Fireline Propagation: How well does the FARSITE model compare with observations from aerial images?

Ana Patricia Fernandes, CESAM, Portugal

1:20 PM - 1:40 PM

The study of fire progression requires a detailed characterization of several components, such as, the location of the ignition, the slope of the terrain, fuel properties and weather conditions. Usually, the fire progression is estimated using numerical models, but as the input variables in wildfires and even in experimental ones are highly uncertain, the estimation of the fireline progression is also uncertain. The main objective of this work was to study the fireline progression using two different approaches. The first approach is based on a modelling tool – FARSITE – which estimates fireline progression using topography, fuel characteristics and weather information. In the second approach, we use image processing techniques to extract data about the fireline progression from aerial images captured by an Unmanned Aerial Vehicle (UAV) equipped with an RGB camera. Both approaches were tested during a prescribed fire in the north of Portugal and the results were processed and evaluated using a geographical information system. The results show that FARSITE overestimates the burnt area in comparison with the data extracted from the aerial images. On the other hand, the segmentation of the fire in the aerial images was challenging, since the fireline was not visible in several framed due to heavy smoke together with the camera angles and flight limitations. This first attempt to compare both approaches also allowed to identify issues and improvements to be considered in the design of future experimental campaigns. These include guidelines to improve the spatiotemporal representation of the fireline propagation in both approaches, as well as to establish the first steps towards a new methodology to measure the fireline propagation during prescribed burns.

1:40 PM

What are the impacts of post-fire ash mobilization by wind erosion: physical and numerical modelling

Micael Rebelo, CESAM, CESAM, Dep. Environment and Planning, University of Aveiro, PT, Portugal

1:40 PM - 2:00 PM

Wildfires are gradually becoming a more recurrent phenomenon worldwide, impacting local environment and, ultimately, human health due to the production of smoke and ash during the combustion process. Although still largely unstudied, it is known that wind plays a major role in post-fire ash erosion and transportation. In this context, the main objective of this work is to develop a high-resolution CFD model capable to assess the influence of wind in ash mobilization. To accomplish this goal, the modelling setup composed by OpenFOAM and LIGGGHTS (LAMMPS Improved for General Granular and Granular Heat Transfer Simulations), coupling for air flow and particle simulation respectively, was used. Air flow was simulated using turbulence model K-Epsilon RNG and LIGGGHTS particles are modeled as soft spheres. To better simulate field ash, a comparative analysis between singular and multiple spheres particles was performed.
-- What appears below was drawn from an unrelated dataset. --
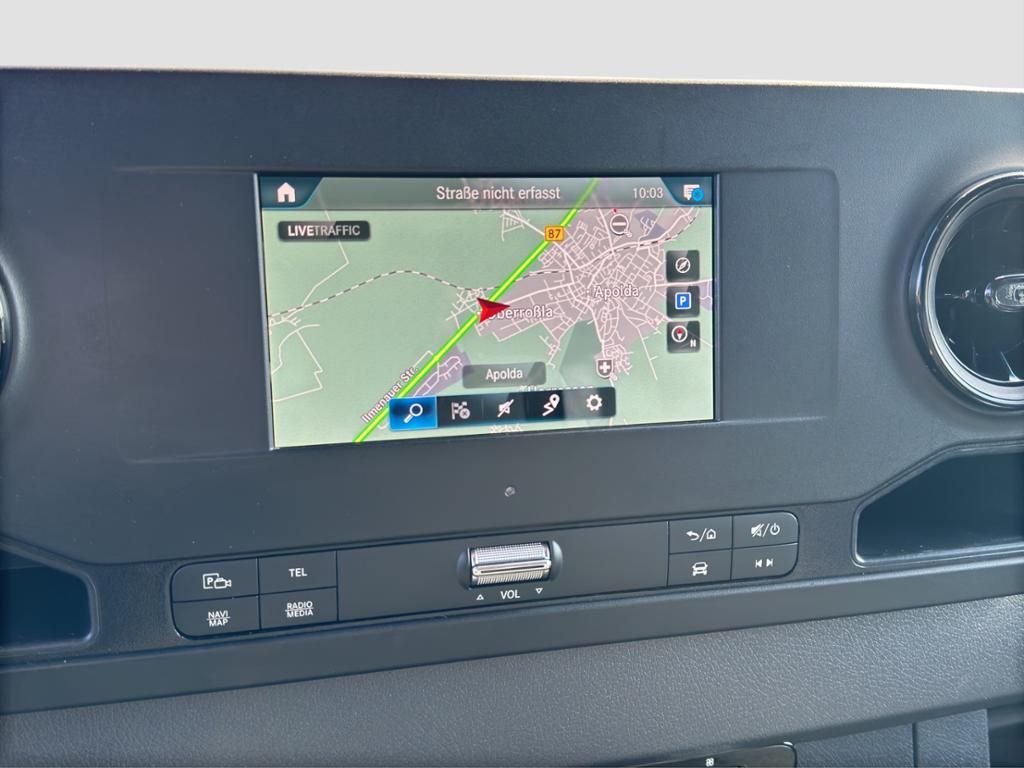 Fahrzeugabbildung Mercedes-Benz Sprinter 317 CDI Mixto Kasten Hochdach Standard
Modelled results were compared with measured data from experiments conducted in wind tunnel, to evaluate the model performance. The experiments aim to assess the ash mass loss during a three-minute time interval, using Pine ash samples collected from Loriga wildfire of 24 August 2018. Both experimental and modeling results show a similar behavior, whereas most of the ash is eroded during the first seconds of the trial (around 20%). During the remaining time, if there are no high air velocity fluctuations, ash quantity remains stationary. This similarity between the two approaches is better verified in multi-spherical particles and in spherical particles with rolling friction, which are more representative of real ash shape. The application of CFD tools is particularly relevant to assess the effectiveness of mitigation measures, which may be difficult to quantify with wind tunnel experiments.

4:20 PM

Lifecycle Management for Models and Data Deployed as Integrated Services Supporting Farm Sustainability and Conservation Assessments

Jack Carlson, Colorado State University

4:20 PM - 4:40 PM

The Water Erosion Prediction Project (WEPP) and Wind Erosion Prediction System (WEPS) models simulate the effects of cropping systems and practices on water and wind soil erosion, sediment delivery, soil organic matter trend, tillage intensity, air particulate matter, and farm operation energy consumption. The two models, developed by the USDA Agricultural Research Service (ARS) and deployed as model web services by the Colorado State University (CSU) Object Modeling System Laboratory (OMSL), support multiple user communities operating from common soil, climate, and cropping system domain databases through supporting data services. User communities include Field-to-Market (FtM) - The Alliance for Sustainable Agriculture, their qualified data management partners (QMDPs), USDA Natural Resource Conservation Service (NRCS) county and state offices, as well as collaborating research and development project teams at CSU, ARS, and other organizations. CSU OMSL maintains and hosts the model and data services on the Cloud Services Integration Platform (CSIP) working with participating teams to maintain daily operational efficiency. CSIP currently supports several million WEPP/WEPS-related service requests annually, including those for FtM crop year sustainability assessments on 1.2 million acres annually. User segments increasingly reliant on these services requires a commitment to effective lifecycle management. In this presentation we summarize steps taken to ensure effective long-term support to the combined efforts of all invested: distributed development, DevOps, container-based deployments, data standards and stewardship, publish/subscribe, system activity monitoring, archiving, knowledge transfer, and continuity of operations planning.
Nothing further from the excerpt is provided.